Weigel

The Can Kicks Back, and the Best Correction I Never Made

The Can Kicks Back, the deficit hawk group that was designed to organize and win over millennials, used to allow anyone to access its Google Group. It doesn’t anymore. Some time before the door was closed, though, Politico’s Byron Tau moseyed in and found that “the group’s cash reserves were down to $70,000, with more than $75,000 in outstanding commitments,” its fate relying on a fundraising firm and some angel donors.

“Without someone/something else covering staff costs and without fundraising miracles like Stan or near-Stan happening consistently, I don’t know how we both sustain [an] organization and do meaningful things,” Nick Troiano, co-founder and communications director of the group, wrote in a November email.

Troiano was referring to a large donation by hedge fund manager Stan Druckenmiller.

Right, that’s a solution that should be familiar to anyone whose pension or temporary government assistance has been cut—just wait for Stan Druckenmiller to bail you out.

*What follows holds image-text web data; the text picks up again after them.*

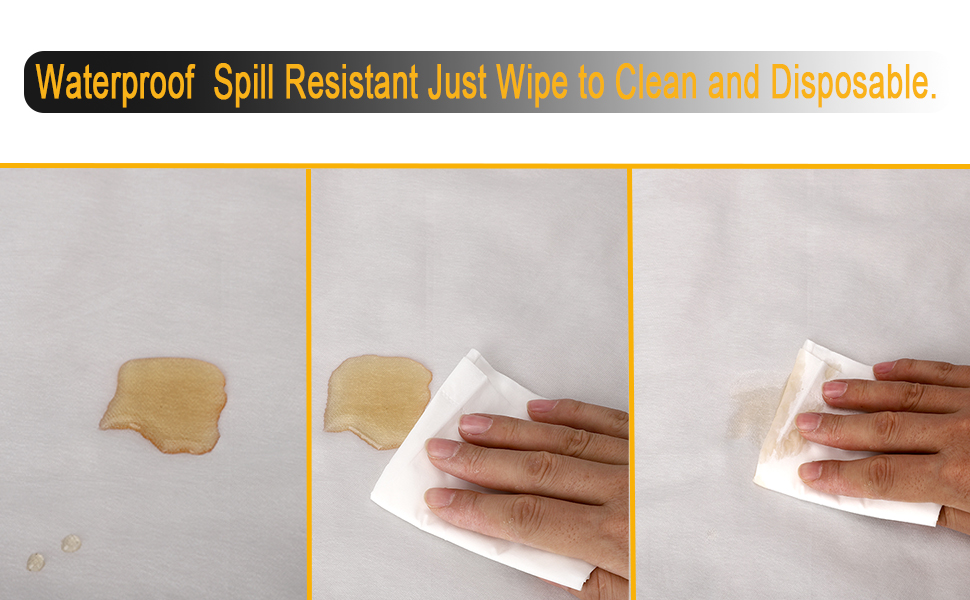 Disposable Baby Splat Mat for Under High Chair, 20 Packs Large Waterproof Spill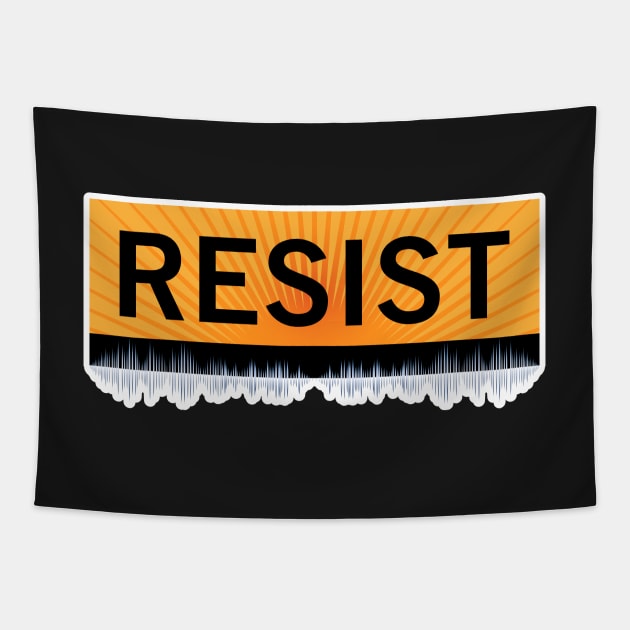 RESIST Tapestry by chwbcc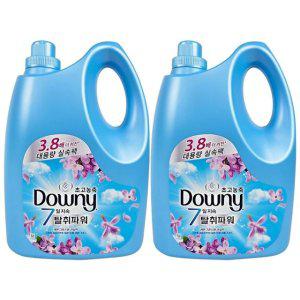 다우니 레몬그라스와 라일락 3.8L 2개 초고농축 섬유유연제 본품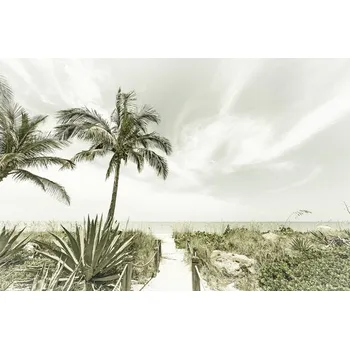 Plakát Plakát, Obraz - Alone at the beach | Vintage, Melanie Viola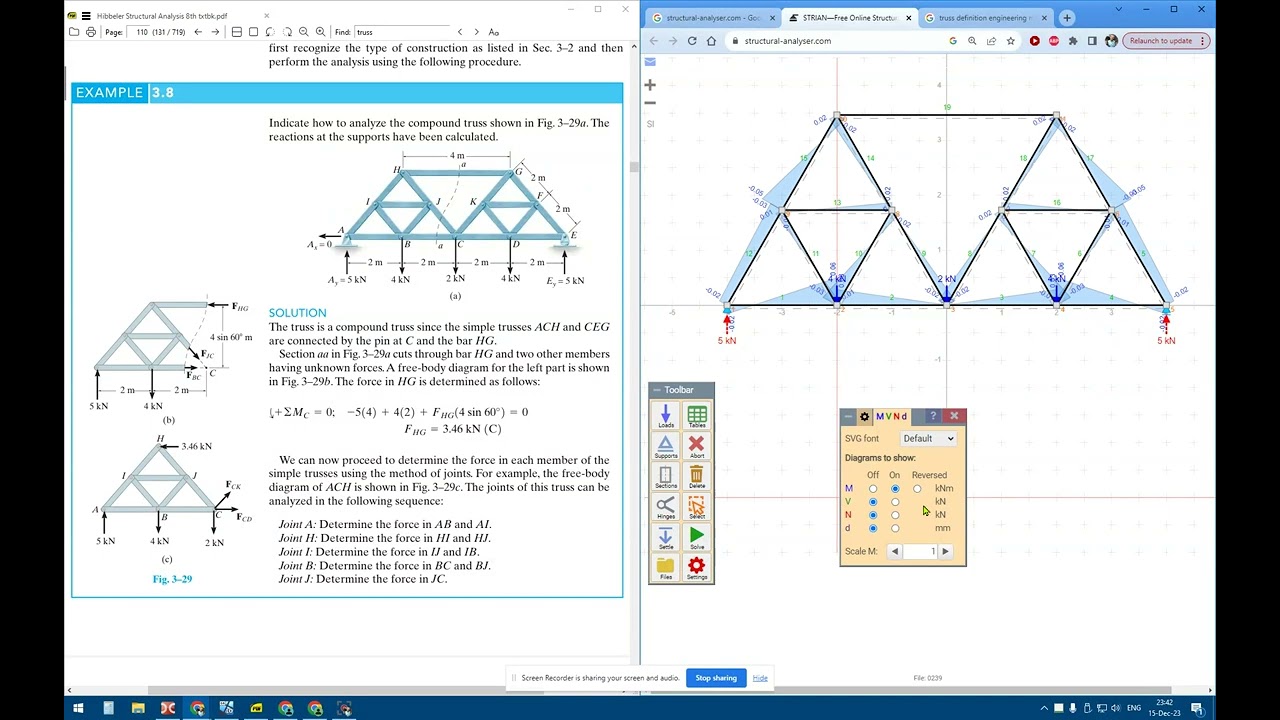 STRIAN 2.0 Structural analysis software Online Free – Truss calculator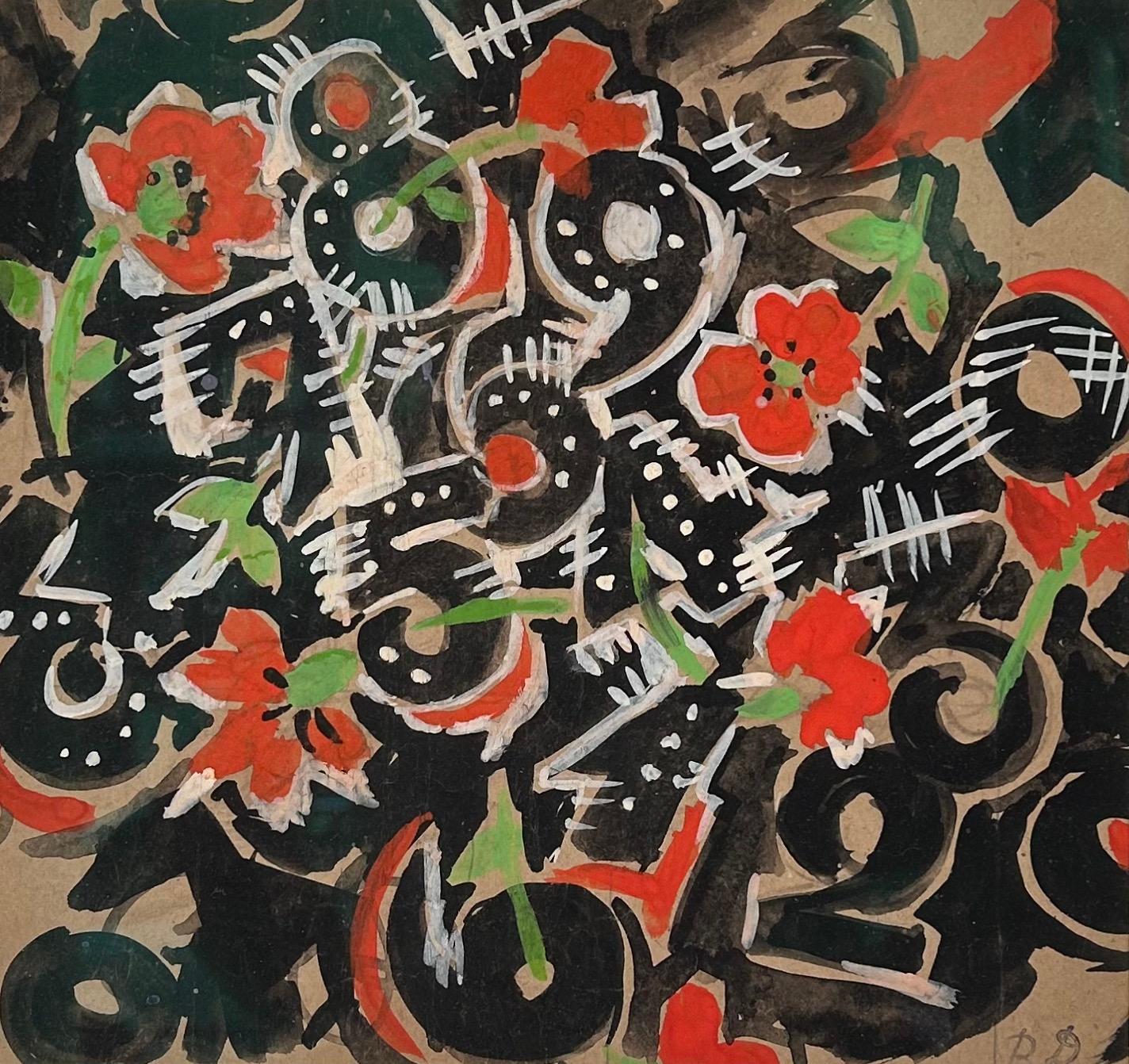 „Flowers“, Original Gouache auf Papier von Raoul Dufy (1877-1953) 1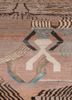 manchaha red and orange wool and bamboo silk hand knotted Rug - CloseUp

I link the piece because it’s wonderful and because, halfway through it:

In response to a 2012 Slate piece by reporter Dave Weigel linking The Can Kicks Back with the billionaire anti-debt activist Peter Peterson, Eisenstadt argued that the group should request a correction — saying that the perception that they are Peterson-funded was hurting their credibility, according to an email thread.

“Technically one can make an argument that we are …,” Parent wrote back in an email. “We receive most of our money from [Committee for a Responsible Federal Budget], which has received large amounts of funding from Peterson.” Slate never appended a correction to the piece. 

The piece in question was about the failure of the amorphous “grand bargain” groups that were vague enough about their policy desires to be endorsed by both parties and mistrusted by activists on all sides. Holds up, I’d argue.